======== RECORDS FOR PROCESSING

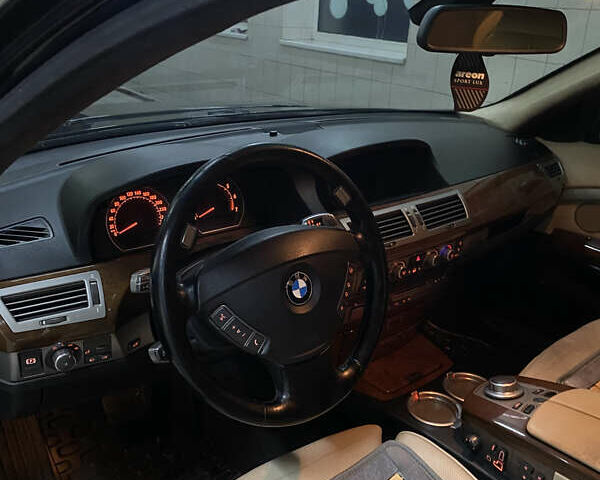 Чорний БМВ 7 Серія, об'ємом двигуна 3.98 л та пробігом 272 тис. км за 6750 $, фото 37 на Automoto.ua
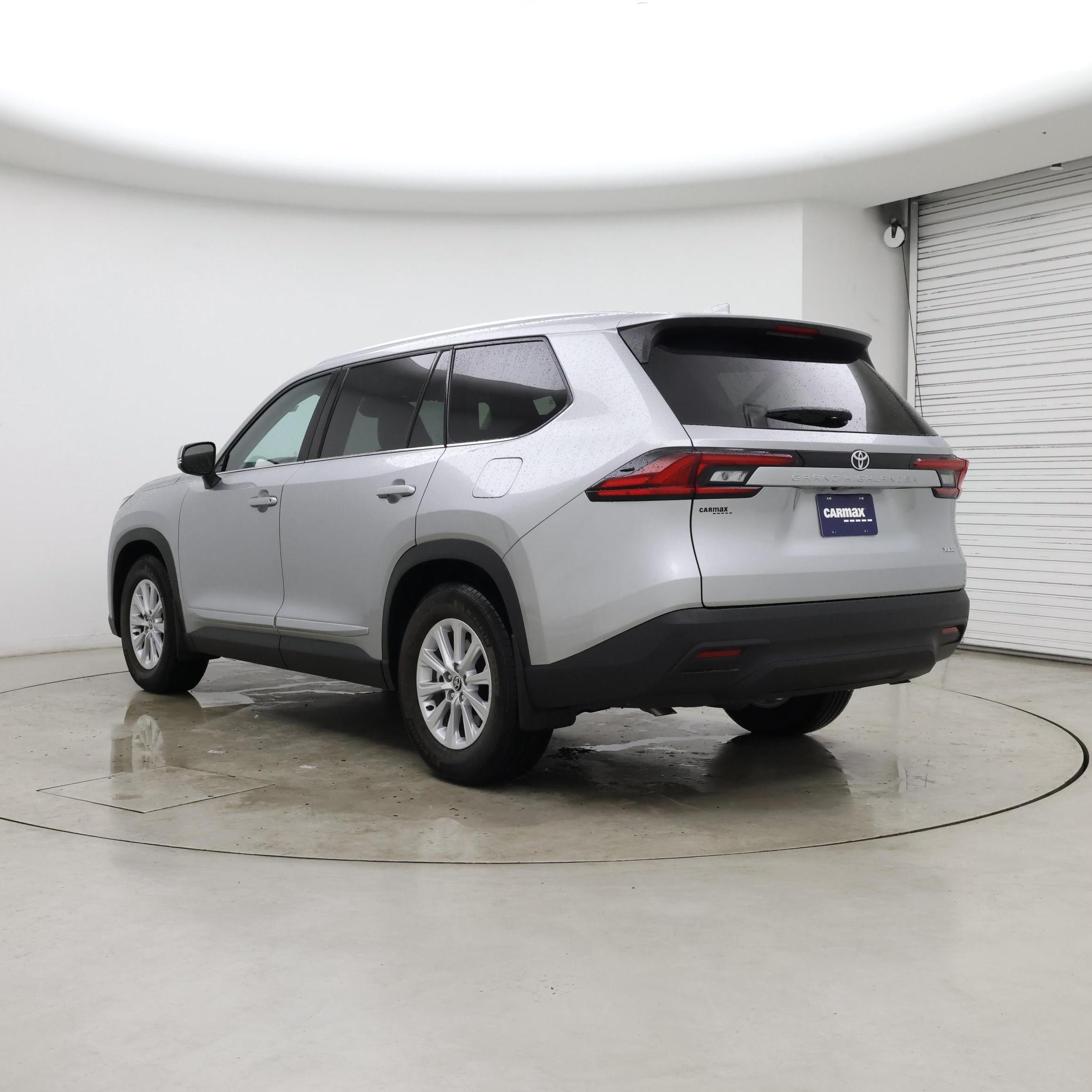Thumbnail: 2025 Toyota Grand Highlander - 2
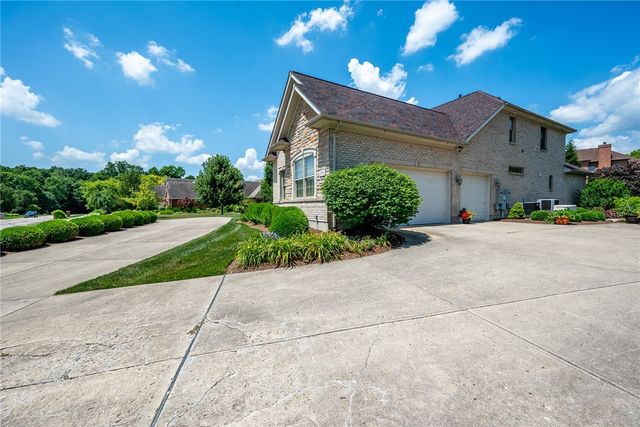 295 Hampton Place, Xenia Twp, OH 45385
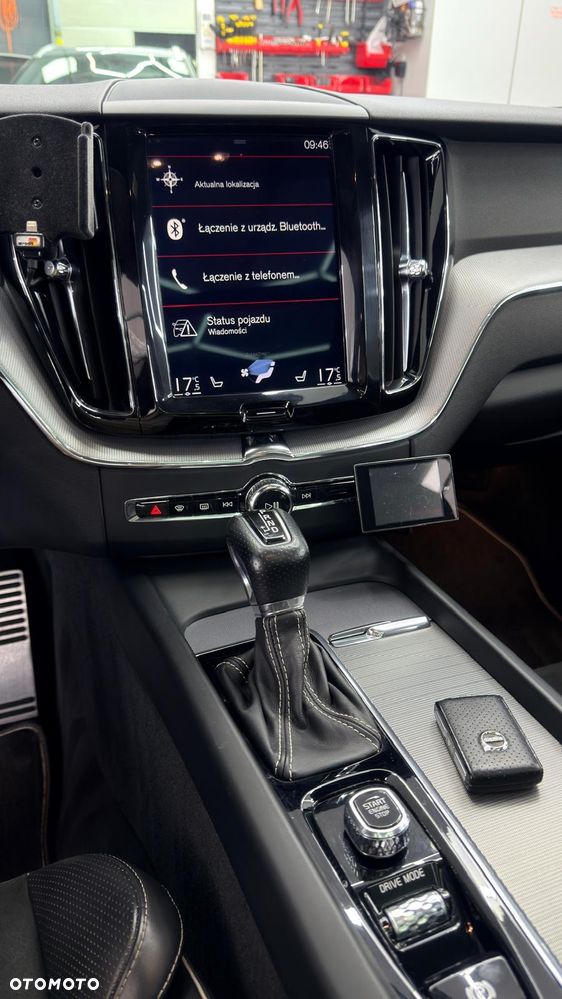 Volvo XC 60 D4 R-Design - 18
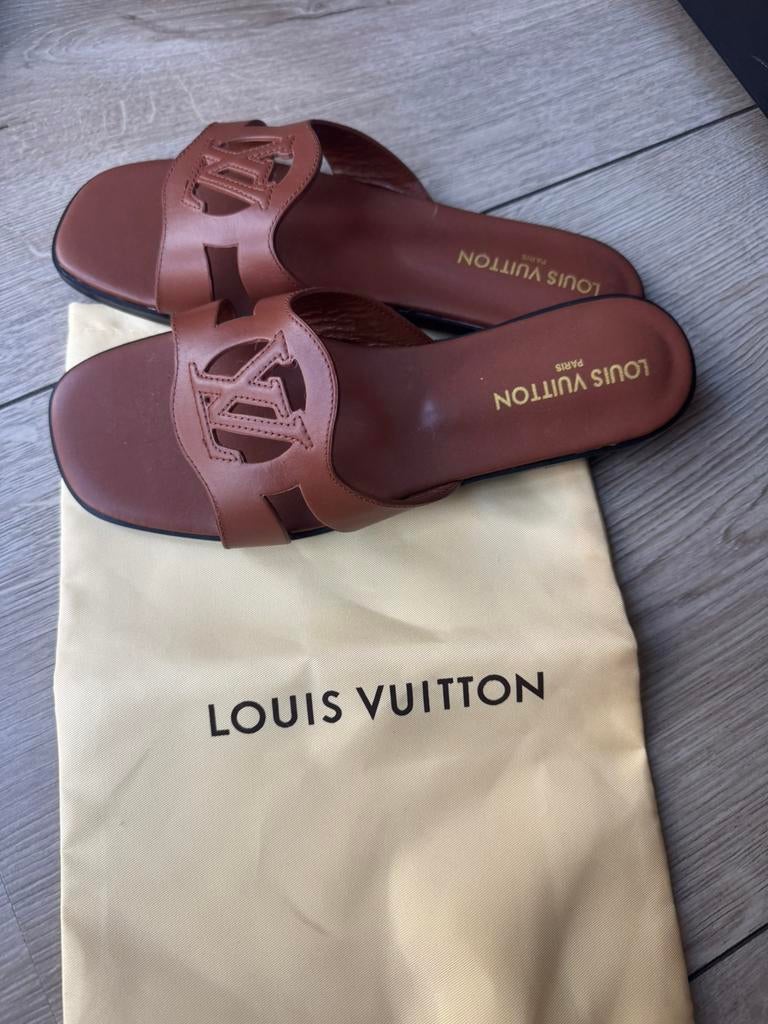 Bruine slippers, Kleding | Dames, Slippers, Bruin, Nieuw, Ophalen of Verzenden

================

WHAT IS REQUIRED -
A word-for-word retyping of the material above is expected, without pictures.

YOUR SOLUTION -
 Чорний БМВ 7 Серія, об'ємом двигуна 3.98 л та пробігом 272 тис. км за 6750 $, фото 37 на Automoto.ua
Thumbnail: 2025 Toyota Grand Highlander - 2
 295 Hampton Place, Xenia Twp, OH 45385
 Volvo XC 60 D4 R-Design - 18
 Bruine slippers, Kleding | Dames, Slippers, Bruin, Nieuw, Ophalen of Verzenden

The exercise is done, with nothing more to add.